Maïté Baldi est une photographe documentaire qui explore les territoires, les parcours humains et ce qui se cache derrière les apparences. Avec son projet Genesis, elle relie la Provence, le ciel et la question de nos origines.
Ce travail débute en janvier 2019. La photographe participe alors à une résidence artistique de trois semaines dans le Pays de Forcalquier.
Cependant, elle ne souhaite pas seulement décrire un lieu. Elle cherche plutôt à comprendre les liens entre la terre, les habitants et l’univers.

Qui est Maïté Baldi ?
Maïté Baldi développe une photographie documentaire attentive aux personnes et aux territoires.
Son travail cherche notamment à dépasser la surface des choses. Ainsi, elle s’intéresse aux histoires individuelles, aux croyances et aux questions de société.
Son approche réunit plusieurs pratiques :
- la photographie documentaire ;
- le photojournalisme ;
- le reportage ;
- la photographie de rue ;
- le portrait ;
- les projets artistiques au long cours.
Malgré cette diversité, un même fil conducteur apparaît. Maïté Baldi cherche toujours à comprendre ce qui donne du sens à une situation.
Comment est né le projet Genesis ?
Genesis commence pendant une résidence artistique organisée dans le Pays de Forcalquier.
Le thème proposé est celui du territoire. Toutefois, la zone à explorer couvre plus de 800 km².
La photographe doit donc trouver un angle précis. Elle ne peut pas documenter chaque village, chaque paysage et chaque habitant en seulement trois semaines.
Au cours de ses recherches, elle découvre une création sonore consacrée au ciel de Provence. Une astrophysicienne y explique que les éléments qui composent notre corps proviennent d’anciennes étoiles.
Cette idée provoque un déclic. Dès lors, Maïté Baldi décide d’aborder le territoire à travers la question de l’origine.

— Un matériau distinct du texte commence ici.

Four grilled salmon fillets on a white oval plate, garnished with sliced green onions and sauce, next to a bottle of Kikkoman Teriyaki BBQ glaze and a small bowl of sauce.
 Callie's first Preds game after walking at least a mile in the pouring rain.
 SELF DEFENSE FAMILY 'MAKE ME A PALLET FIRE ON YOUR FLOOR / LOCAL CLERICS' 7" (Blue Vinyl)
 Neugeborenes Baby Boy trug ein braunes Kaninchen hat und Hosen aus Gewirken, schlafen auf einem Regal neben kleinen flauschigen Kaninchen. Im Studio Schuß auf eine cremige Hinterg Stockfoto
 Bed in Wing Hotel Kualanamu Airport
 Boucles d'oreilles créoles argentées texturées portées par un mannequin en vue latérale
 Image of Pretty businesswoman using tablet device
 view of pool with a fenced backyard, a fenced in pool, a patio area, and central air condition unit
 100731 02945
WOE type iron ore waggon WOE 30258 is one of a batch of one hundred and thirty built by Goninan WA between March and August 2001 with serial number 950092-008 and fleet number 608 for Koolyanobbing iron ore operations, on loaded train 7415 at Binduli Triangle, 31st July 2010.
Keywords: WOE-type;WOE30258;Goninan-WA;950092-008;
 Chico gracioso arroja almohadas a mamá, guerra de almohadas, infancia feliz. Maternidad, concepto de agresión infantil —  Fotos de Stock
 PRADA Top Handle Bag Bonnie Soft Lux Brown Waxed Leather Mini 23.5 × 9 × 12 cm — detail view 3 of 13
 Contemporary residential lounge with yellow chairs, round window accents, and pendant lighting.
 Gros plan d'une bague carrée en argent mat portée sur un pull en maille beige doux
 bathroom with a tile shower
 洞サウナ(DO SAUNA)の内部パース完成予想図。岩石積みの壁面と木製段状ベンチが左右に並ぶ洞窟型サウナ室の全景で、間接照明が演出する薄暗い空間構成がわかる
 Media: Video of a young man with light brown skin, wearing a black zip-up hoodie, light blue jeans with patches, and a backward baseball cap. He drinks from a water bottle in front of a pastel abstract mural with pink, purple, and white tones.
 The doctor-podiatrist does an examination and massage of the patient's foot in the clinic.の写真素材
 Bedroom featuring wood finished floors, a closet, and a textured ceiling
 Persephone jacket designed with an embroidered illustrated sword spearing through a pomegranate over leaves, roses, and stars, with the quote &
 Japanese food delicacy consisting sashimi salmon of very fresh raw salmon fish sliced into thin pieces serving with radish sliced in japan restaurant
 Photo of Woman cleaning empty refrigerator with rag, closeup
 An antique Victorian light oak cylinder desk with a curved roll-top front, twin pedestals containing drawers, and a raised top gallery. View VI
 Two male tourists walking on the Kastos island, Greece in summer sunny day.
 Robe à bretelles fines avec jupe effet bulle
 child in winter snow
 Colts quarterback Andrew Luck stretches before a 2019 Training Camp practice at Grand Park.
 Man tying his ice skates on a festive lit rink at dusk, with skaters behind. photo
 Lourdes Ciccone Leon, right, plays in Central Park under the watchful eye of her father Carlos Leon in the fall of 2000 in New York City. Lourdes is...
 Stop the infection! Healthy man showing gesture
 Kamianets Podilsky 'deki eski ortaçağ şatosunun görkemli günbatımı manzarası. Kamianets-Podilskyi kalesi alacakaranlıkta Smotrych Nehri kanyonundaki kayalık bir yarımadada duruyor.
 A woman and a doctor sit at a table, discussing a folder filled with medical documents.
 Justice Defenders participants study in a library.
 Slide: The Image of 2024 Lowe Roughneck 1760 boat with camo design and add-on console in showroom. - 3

Pourquoi relier le territoire et l’univers ?
Le projet repose sur une idée simple. Les êtres humains, les animaux, les plantes et les paysages partagent les mêmes éléments fondamentaux.
Par conséquent, observer le ciel revient aussi à regarder une partie de nos origines.
Maïté Baldi utilise cette réflexion pour dépasser la représentation géographique du territoire.
Elle s’intéresse alors à plusieurs dimensions :
- le territoire physique ;
- le territoire intime ;
- les paysages de Provence ;
- les croyances religieuses ;
- les connaissances scientifiques ;
- les relations entre les habitants et leur environnement ;
- la place de l’être humain dans l’univers.
Le projet ne donne pas une réponse définitive. Au contraire, il laisse plusieurs interprétations possibles.
Le Pays de Forcalquier comme terrain d’expérimentation
Le Pays de Forcalquier offre des paysages calcaires, des terres sèches et de nombreux édifices religieux.
De plus, la montagne de Lure structure une grande partie du territoire. Les chapelles, les oratoires et les villages ajoutent aussi une dimension spirituelle.
Maïté Baldi photographie donc le territoire du lever du jour jusqu’à la nuit.
Elle observe notamment :
- les reliefs ;
- les constructions ;
- les habitants ;
- les traces de croyances ;
- les détails du sol ;
- les changements de lumière ;
- le ciel nocturne.
Ainsi, les images passent parfois du très proche au très lointain. Un détail terrestre peut précéder une photographie de galaxie.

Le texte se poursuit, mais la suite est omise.